The Tigers, of course, were all but legally mandated to win, which is the brand of game in which a Tigers ace is at his very best, even if "very best" could describe so many of his starts.

He destroyed the Indians, those he recognized anyway, with a string of low-stress innings that ended at 110 pitches and two outs in the eighth. Not everyone in the crowd — or leaving the mound — was pleased. But the skipper was at peace.

“Hey, we have a potential game in five days that could mean a lot,” Ausmus said, alluding to a regular-season finale Sunday at Atlanta that could decide if Detroit is part of the postseason. “I wasn’t going to run up his pitch count in a game where we have a big lead.”

Verlander plowed through the Naquins, Martinezes, Amontes, Guyers, Aguillars, Gimenezes, Moores, and Gonzalezes that Francona had somehow identified and deemed presentable as big-league starters, dispensing cruel lessons in what Verlander’s pitches can do to mortals.

His fastballs often seared at 97 and accounted for the brunt of his strikeouts. He threw strikes constantly and mixed in his usual witch’s brew of curves and sliders and, here and there, a change-up.  

Note, also, that he hornswaggled the one true celebrity in Francona’s cast, Carlos Santana, holding Santana hitless and striking him out once.

“It’s actually kind of tough,” Verlander said of the lower-profile order. “There are a bunch of guys there I don’t know at all. You just try and execute your pitches.”

Ausmus knew what was executed Tuesday: Verlander’s pitches, and his victims.

“I’m tired of talking about how good he is,” Ausmus said, again reaching into the wry jar when Verlander was mentioned. “If you want to see how good he is, just watch him.”        

The Tigers still needed offense. And they got it in the same way Gotham got help when either the Joker or Penguin had created strife and Batman was drafted.

Cabrera took two swings in the game’s first two innings and the Tigers had five runs. In the first, after Mike Clevinger put the first two Detroit batters aboard, Cabrera bored into a Clevinger slider and hammered it to right-center for a double that put the Tigers on top, 2-0.

An inning later, as Clevinger began to realize the end was near, the Indians starter gambled on a 2-0 change-up that Cabrera returned to sender on a long-distance arc into the green forest in center, 430 or so feet from home plate.

The Tigers weren’t finished. They had lost 14 of their earlier 16 games with the Indians and opted Tuesday for overkill.

Upton crashed his 29th homer of the season in the seventh. And, in the ninth, as Ausmus tried to match Francona in bench substitutions, the Tigers romped for three more runs.

The first scored when Nick Castellanos, who arrived by jet Tuesday and was activated, pinch-hit and slapped a hard double past the third-base bag.

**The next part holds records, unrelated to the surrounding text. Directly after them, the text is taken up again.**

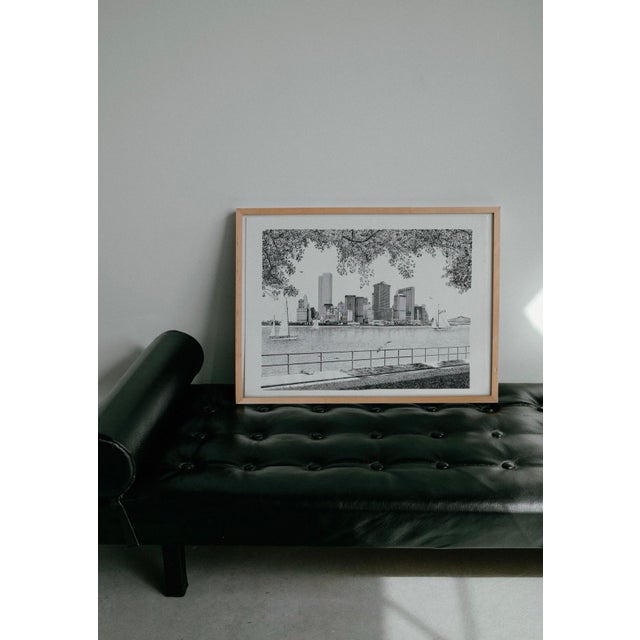 1980s Delbart Duchein Signed Lithograph — Lower Manhattan Skyline With Twin Towers, 1981 For Sale - Image 5 of 10
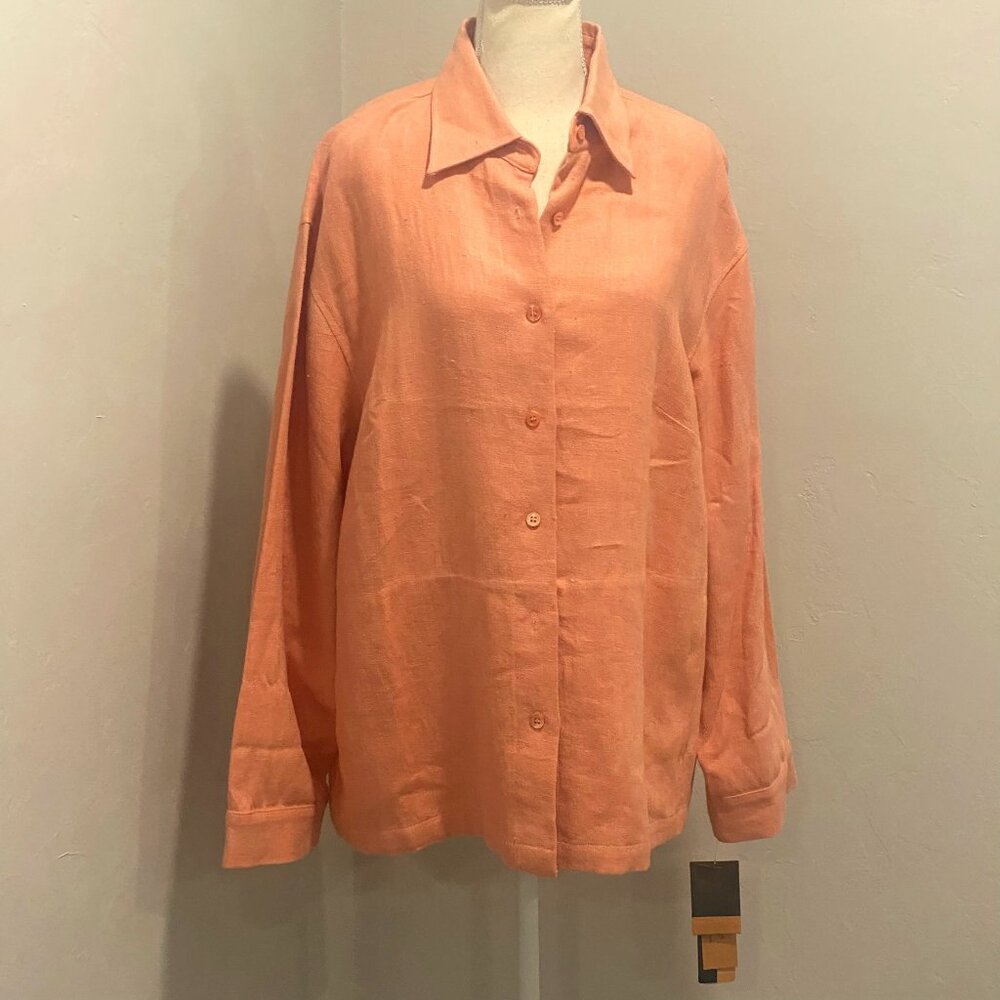 NWT Finity Naturals 2X Coral Button Up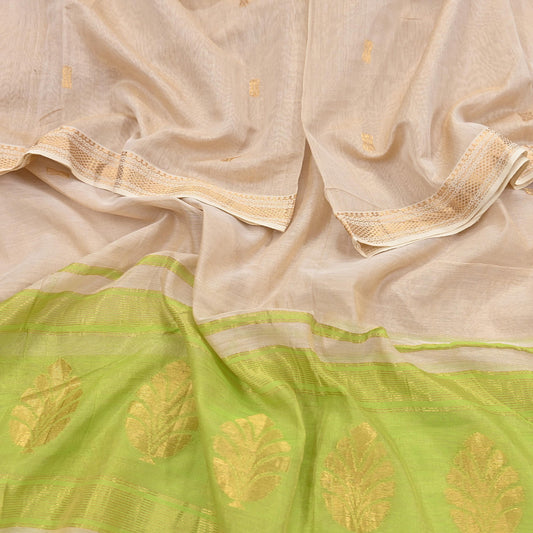 Indian Vintage Dupatta Ivory & Green Long Stole Hand Woven Pure Silk Scarves Veil Zari Soft Fringes Scarf Wrap Boho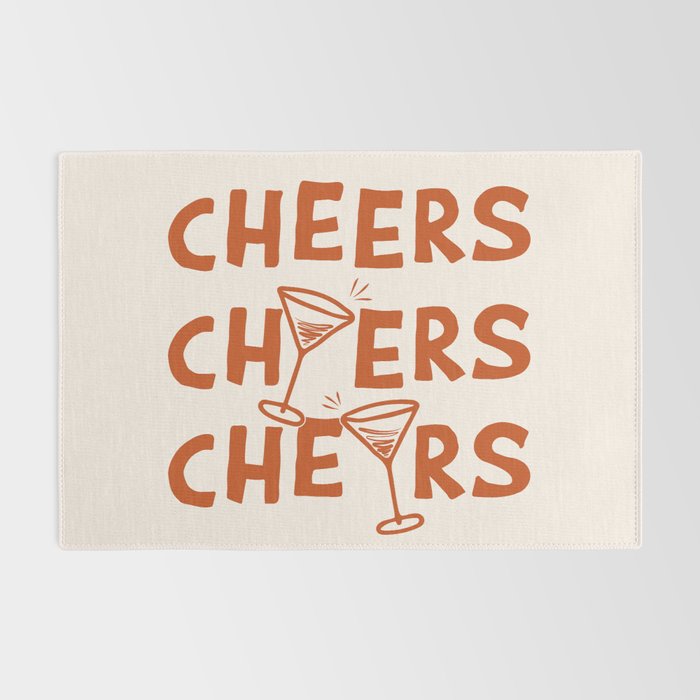 Cheers. Cocktails and Drinks in Burnt Orange and Linen White Rug Gallery Image 2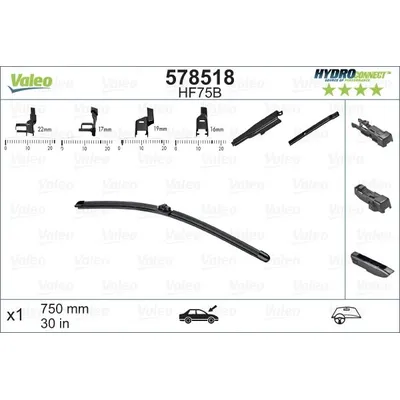 Silecek Süpürgesi Ön Muz Tip 750 mm - 30 inç Citroen Grand C4 Picasso (10.2006->)  VALEO 578518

Tyler Collins followed with a triple to right-center, which brought on Andrew Romine, pinch-hitting for none other than Cabrera. Romine promptly popped a home run just past the corner fence in right field.

The Tigers understood Tuesday that whatever fun they had, whatever overdue victory had finally been claimed against the Indians, they have much work to do.

There is, after all, no choice but to win. Five games remain. The Tigers still trail in the wild-card sprint.

But, on Tuesday, the two guys who in past years so often have gotten the Tigers to the playoffs, acted as if they badly want another crack.